Snapshot Strategy for archival


(Carmen Spohn) #1

Hello, for disclamer: I am well aware that snapshots created on a certain version of elasticsearch may only be restored in a cluster of the same version, and that snapshots are not a real archival full-proof solution, but it comes really close for our use case. We want to keep logs for 90 days available in for Kibana users to query, and then keep a year in archival/cold storage just in case. If the needed came up for logs that are 6 months old, we know there would be work involved in bring them back (we would restore with the appropriate cluster when the time comes).

We generate about 10 daily indices today. We after 48 hours or so, we force merge them to reduce the number of segments. Because they are not that big we have 1 shard and 1 replica. On a daily basis we would like to snaphot this daily index, and then delete it from the cluster (to save us disk space). We would keep these snaphots for (365-90)=275 days, and after that we would delete the snaphot since the data would be too old anyways. I have been reading various posts and wondered if scalability would be concern in our case. I wonder if one strategy would work better than others to snapshot all this data. I see two possible options:

a) snaphot each index individually after it was optimized. This would result in 10 * 275 = 2750 snapshots in the cluster, each snaphot would have one index.

b) snaphot all 10 daily indexes together. This would result in 1 * 275 = 275 snaphots in the cluster, each snaphot with 10 indexes in it.

is one way better than the other? Or are both equivalent?

Thank you!


(Mark Walkom) #2

From the docs - https://www.elastic.co/guide/en/elasticsearch/reference/5.5/modules-snapshots.html#modules-snapshots;

That means that:

  • A snapshot of an index created in 2.x can be restored to 5.x.
  • A snapshot of an index created in 1.x can be restored to 2.x.
  • A snapshot of an index created in 1.x can not be restored to 5.x.

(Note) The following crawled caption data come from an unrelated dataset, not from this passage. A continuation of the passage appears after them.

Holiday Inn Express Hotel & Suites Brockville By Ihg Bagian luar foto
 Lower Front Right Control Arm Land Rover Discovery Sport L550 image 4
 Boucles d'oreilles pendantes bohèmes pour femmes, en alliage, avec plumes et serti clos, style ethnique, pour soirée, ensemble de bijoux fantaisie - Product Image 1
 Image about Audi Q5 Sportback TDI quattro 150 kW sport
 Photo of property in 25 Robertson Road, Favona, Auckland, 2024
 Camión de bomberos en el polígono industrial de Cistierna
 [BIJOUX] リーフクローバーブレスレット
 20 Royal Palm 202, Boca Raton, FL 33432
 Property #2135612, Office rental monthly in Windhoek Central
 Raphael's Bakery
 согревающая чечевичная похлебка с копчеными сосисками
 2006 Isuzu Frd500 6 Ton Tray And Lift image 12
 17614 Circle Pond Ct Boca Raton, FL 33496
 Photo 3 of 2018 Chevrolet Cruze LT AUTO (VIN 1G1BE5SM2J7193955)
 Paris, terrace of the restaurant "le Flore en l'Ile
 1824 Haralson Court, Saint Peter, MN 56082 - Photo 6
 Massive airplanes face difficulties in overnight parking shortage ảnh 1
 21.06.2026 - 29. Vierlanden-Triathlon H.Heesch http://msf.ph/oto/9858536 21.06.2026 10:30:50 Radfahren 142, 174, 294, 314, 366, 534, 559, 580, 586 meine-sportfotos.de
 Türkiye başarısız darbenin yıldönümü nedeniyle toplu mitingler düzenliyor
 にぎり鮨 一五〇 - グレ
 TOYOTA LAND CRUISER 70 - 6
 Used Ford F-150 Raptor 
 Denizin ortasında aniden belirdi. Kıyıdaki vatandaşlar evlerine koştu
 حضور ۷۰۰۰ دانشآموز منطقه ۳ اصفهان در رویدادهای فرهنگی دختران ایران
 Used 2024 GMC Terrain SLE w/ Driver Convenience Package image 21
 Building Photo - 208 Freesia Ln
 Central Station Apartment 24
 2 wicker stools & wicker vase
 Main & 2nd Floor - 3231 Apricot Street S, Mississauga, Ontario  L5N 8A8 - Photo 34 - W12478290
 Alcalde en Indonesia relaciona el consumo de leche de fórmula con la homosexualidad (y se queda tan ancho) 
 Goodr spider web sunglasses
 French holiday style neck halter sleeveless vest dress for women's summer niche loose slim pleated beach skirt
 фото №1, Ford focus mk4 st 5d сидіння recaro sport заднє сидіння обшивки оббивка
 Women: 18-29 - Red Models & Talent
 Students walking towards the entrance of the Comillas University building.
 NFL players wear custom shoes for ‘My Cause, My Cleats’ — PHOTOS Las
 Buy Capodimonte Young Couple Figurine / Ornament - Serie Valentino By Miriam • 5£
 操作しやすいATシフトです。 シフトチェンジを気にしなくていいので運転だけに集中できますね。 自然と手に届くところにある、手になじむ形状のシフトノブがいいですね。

Which is good news :slight_smile:

However you would probably settle for the second strategy as it's a little cleaner.


(Carmen Spohn) #3

Thanks @warkolm for your response! We are in 5,x, but I am sure life till take us to 6.x soon enough. So we understand the risk. We'll go for the one snapshot a day then. I was wondering how well the cluster would handle 2750 snapshots, thus my question here.


(system) #4

This topic was automatically closed 28 days after the last reply. New replies are no longer allowed.